TASK GOAL: Write exactly the lines running from the start of the material below to the line that includes "Black Cats On Gray Mini Full Print Backpack", and include no pictures.

INPUT RECORDS:

== Segment start ==

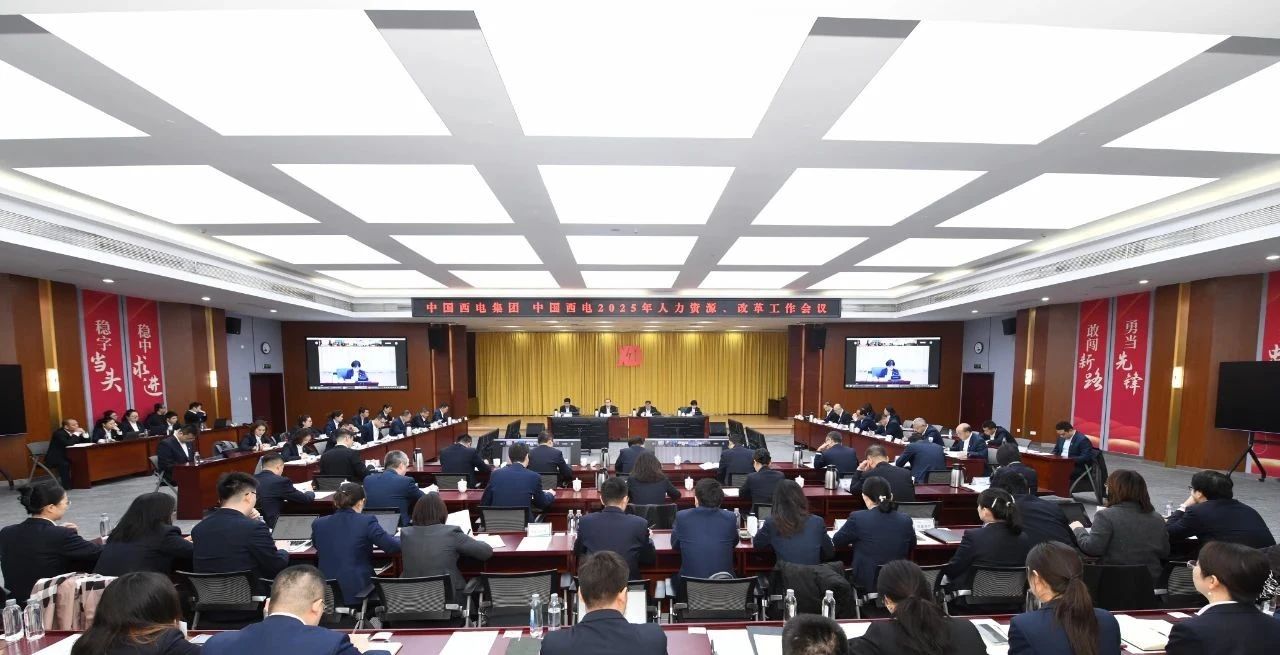 中國西電集團召開2025年人力資源、改革工作會議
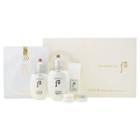The History Of Whoo - Gongjinhyang Seol Radiant White Special Set: Balancer 150ml + Emulsion 110ml + Moisture Cream 4ml + Ultimate Corrector 4ml + Brightening Cleansing Foam 40ml + Ampoule Mask 25g X 1pc 6pcs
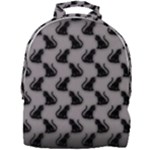 Black Cats On Gray Mini Full Print Backpack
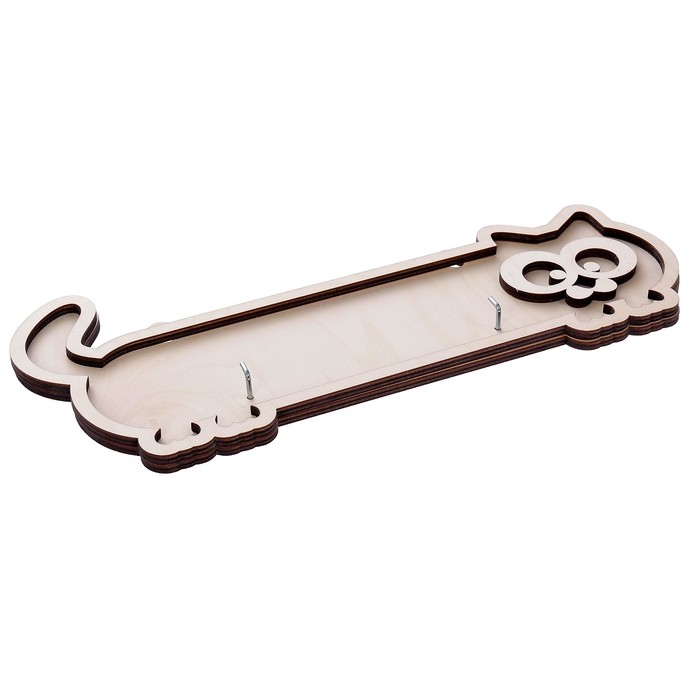 Набор декоративных досок для творчества "Кот" (35х14см) и 2 рыбки (26см) набор 5 деталей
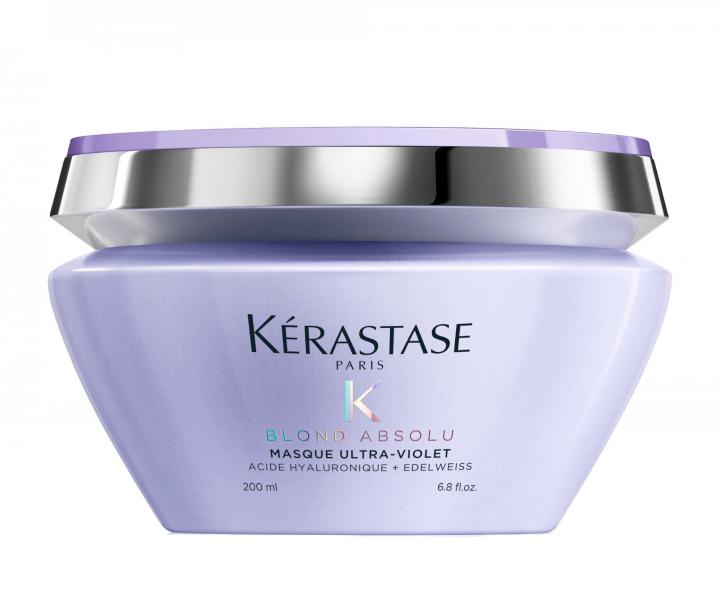 Dárková sada pro zesvětlené a melírované vlasy Kérastase Blond Absolu Masque Spring Box
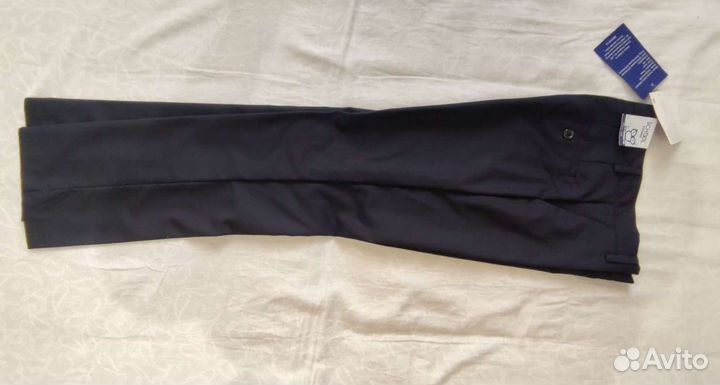 Брюки новые школьные темно синие для мальчика рост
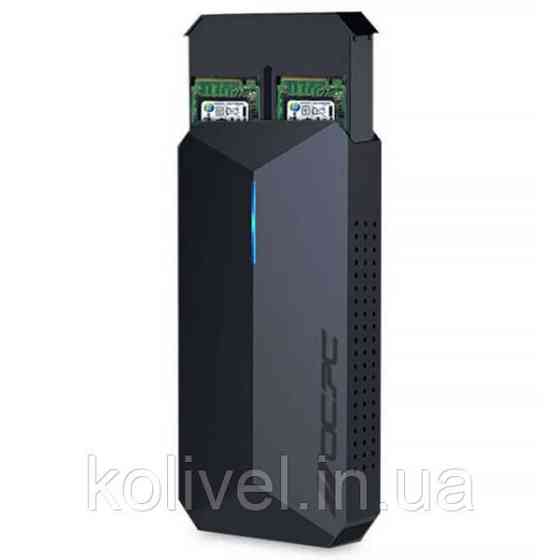 Зовнішня кишеня для SSD M.2 PCIe OCPC AZURRO DUO (OCAZZM2ECSD) Київ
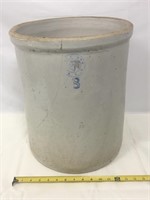 8 gallon Louisville pottery stoneware crock.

== Segment end ==

RESULT OF THIS EXERCISE:
 中國西電集團召開2025年人力資源、改革工作會議
The History Of Whoo - Gongjinhyang Seol Radiant White Special Set: Balancer 150ml + Emulsion 110ml + Moisture Cream 4ml + Ultimate Corrector 4ml + Brightening Cleansing Foam 40ml + Ampoule Mask 25g X 1pc 6pcs
 Black Cats On Gray Mini Full Print Backpack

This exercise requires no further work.